Why You Should Definitely DIY Dev Tools with AI. Sometimes.

Engineering teams are building their own AI dev tools more than ever. After comparing notes with a lot of them, here's where DIY pays off and where it doesn't.

Cartoon bear at an "AI Dev Tools" vending machine: DIY for Knowledge, Q&A, Summaries; Buy for Diagnosis, Incidents, RCA.

Teams are building their own dev tools more than ever using AI. Honestly, we do too. The reality is that engineering teams, mine included, are just trying to move fast with the least amount of unnecessary dependencies. If I can hack something together over the weekend that does a good enough job to get us unblocked, guess what I'm going to do? Comparing notes with several customers, here's where I come out on when to DIY your own dev tool, and when it's not worth it.

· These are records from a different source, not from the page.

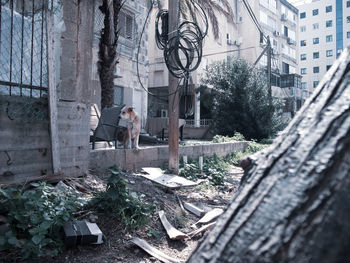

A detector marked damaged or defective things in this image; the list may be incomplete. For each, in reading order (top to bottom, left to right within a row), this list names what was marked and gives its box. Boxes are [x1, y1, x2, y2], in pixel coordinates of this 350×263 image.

broken wooden plank [141, 167, 198, 190]
broken wooden plank [159, 210, 189, 241]
broken wooden plank [189, 223, 216, 239]
broken wooden plank [193, 209, 223, 226]
broken wooden plank [131, 237, 180, 263]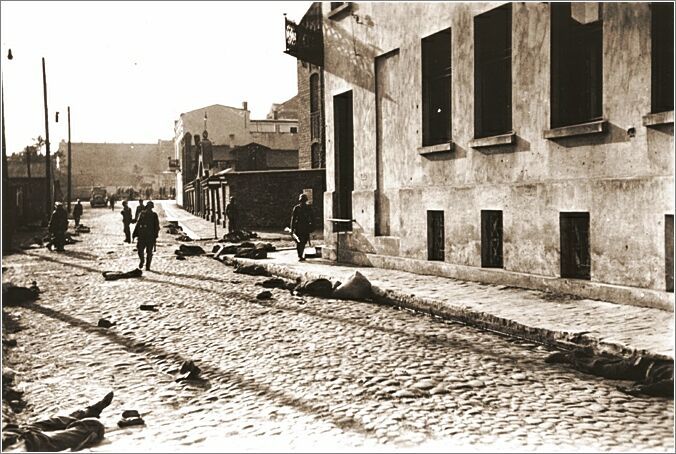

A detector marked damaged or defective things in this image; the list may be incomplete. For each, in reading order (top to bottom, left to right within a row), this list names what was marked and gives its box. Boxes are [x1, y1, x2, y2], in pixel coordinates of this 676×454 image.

damaged facade [318, 1, 676, 308]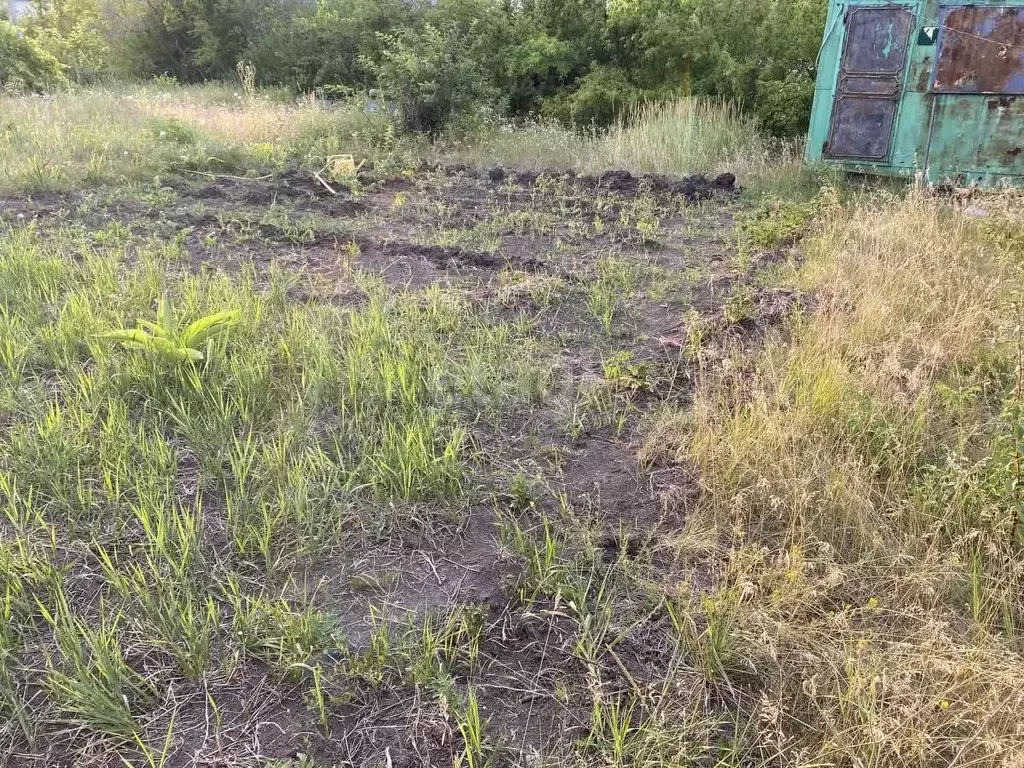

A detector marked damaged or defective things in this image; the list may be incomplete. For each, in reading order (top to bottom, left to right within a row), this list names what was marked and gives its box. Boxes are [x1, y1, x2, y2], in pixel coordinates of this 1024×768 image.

Let's start with when a vibe-coded dev tool is perfectly fine. The short answer: a home-built agent is good at simple knowledge retrieval, with some real caveats I'll get to. One senior reliability lead I talked with built an internal agent that answers questions about their systems. It lives in Slack with read access to most of what they run, and people use it the way they used to use a senior engineer. How is this service deployed? What is it connected to? Who owns this alert? It answers most of these kinds of questions with decent accuracy. Bonus that it started as a hackathon project. Cheap, quick, dirty, and super useful. That's what we call a win. What makes those questions easy is that each one has an answer sitting in a single place, and the agent just has to go find it. That's the easy case. The caveat is that answer accuracy will break down when data has to be pulled from multiple systems and then knowing which source is correct or dealing with data contradiction becomes a real problem.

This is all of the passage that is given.